You can't handle the truth! Or can you?

LOL.

I had to learn to communicate properly with the men in my life. I wouldn't necessarily ask for advice but I would bring up things that were bothering me. Thankfully, I learned quickly that men tend to be solution-oriented and thus, I would preface my speech with, "I don't need an answer or solution to what I'm about to tell you, I just want to talk it out so that I can understand the problem better."

I was astounded how well that worked! He doesn't feel frustrated that I won't take his suggested solutions and I don't feel frustrated that he keeps trying to solve my problems for me, and I get a sounding board to help solidify my ideas. Win, win, win.

I think all women need to do this. It would resolve SO many communication issues and frustrations in relationships.

Men (generally) are doers, not listeners. But you can turn them into a listener because in telling them the bolded part, they learn that listening IS doing and feel like they have helped you, and so do you.

It's really that easy. I often find myself frustrated by the simplicity of this logic that many women do not 'get'.
 
I think all women need to do this. It would resolve SO many communication issues and frustrations in relationships.

Men (generally) are doers, not listeners. But you can turn them into a listener because in telling them the bolded part, they learn that listening IS doing and feel like they have helped you, and so do you.

It's really that easy. I often find myself frustrated by the simplicity of this logic that many women do not 'get'.

Both genders can be good listeners without being good believers. Sometimes the way other people's minds work is incomprehensible. It actually takes faith instead of aghast disbelief.
 
Both genders can be good listeners without being good believers. Sometimes the way other people's minds work is incomprehensible. It actually takes faith instead of aghast disbelief.

I'm sorry, you lost me sweetie. :confused:
 
I'm sorry, you lost me sweetie. :confused:

*starts to giggle*

There's always a line from Simpsons where Lisa is being treated like an idiot by an adult.

"I have a ball. Perhaps you would like to bounce it."
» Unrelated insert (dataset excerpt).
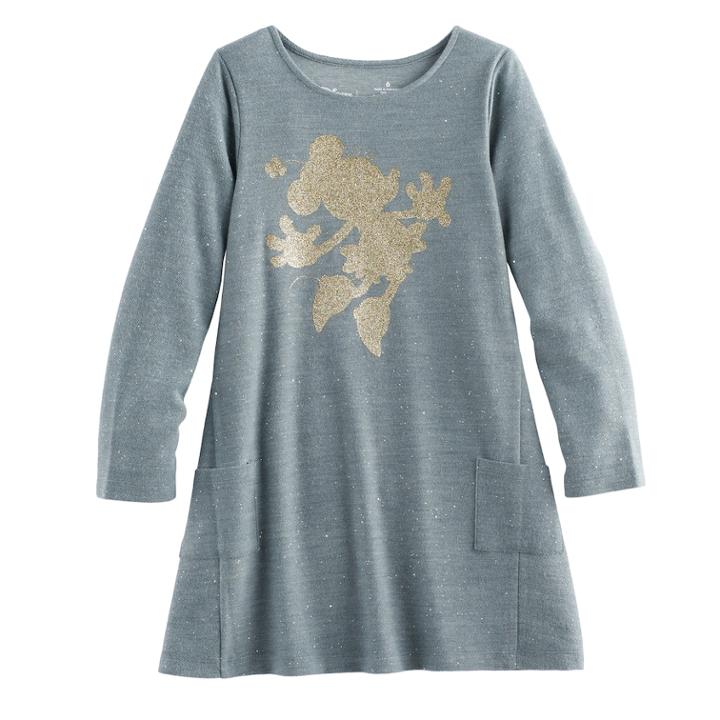 Disney's Minnie Mouse Girls 4-7 Glittery Pocket Swing Dress By Jumping Beans&reg;, Size: 6, Dark Grey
I'm afraid it always leaps to mind when I should be thinking of something more original, but I can't help it.
 
*starts to giggle*

There's always a line from Simpsons where Lisa is being treated like an idiot by an adult.

"I have a ball. Perhaps you would like to bounce it."
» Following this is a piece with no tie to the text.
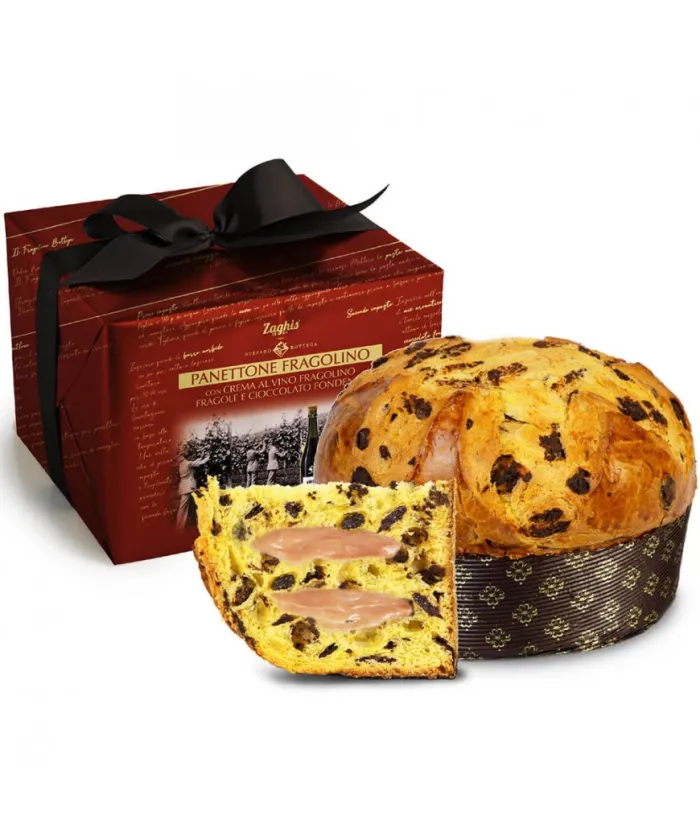 Zaghis Panettone s kúskami jahôd a horkej čokolády s krémom z vína Fragolino 800g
I'm afraid it always leaps to mind when I should be thinking of something more original, but I can't help it.

I meant to say, I didn't understand what you meant by your message to me. Can you clarify for me please? That was way over my head...and forgive me for that, I didn't sleep last night.
 
I meant to say, I didn't understand what you meant by your message to me. Can you clarify for me please? That was way over my head...and forgive me for that, I didn't sleep last night.

Oh, sorry, I thought you were being ironic and were being disbelieving.

Take a simple example: I'm an introvert (Myers Briggs type) which means that I really DO manage to be very happy alone.

An extroverted type of person giving me social advice will give me advice that would work for their temperament, but not mine. "Get back out there! Go to a club, go to a bar, put yourself OUT there!"

That's the advice I get - and for me it's dead wrong. It'd work for the person giving it, and they think they're giving me gems of truth.

But they're giving me exactly what would make me the most crazy and unable to handle life in general.

Gender and temperament and personality all have their own little quirks like that - do you like to say "I love you" all day long or do you like to be reserved? Do you like to shop, do you like to use power tools, do you like...?

I came at this backward because most of the advice given to me is wrong for my personality types. It took me a long time into adulthood to meet people like me or realize I'm not just "wrong" in lots of social ways.

It took me lots of relationships with men and asking them frankly and "Really?" before I had faith in some of the male mechanics I try to respect.

Many well meaning people think everyone is like them and should be like them and could be like them if they just tried and they give advice accordingly. GOOD advice though is tailored to the person who is getting it, not just the person giving it.

The faith in those differences comes from really getting to know someone well and believing those essential differences in personality and not trying to ignore them in favor of one's own needs and experiences.
 
I really want to answer every response but I have a story to work on today. So...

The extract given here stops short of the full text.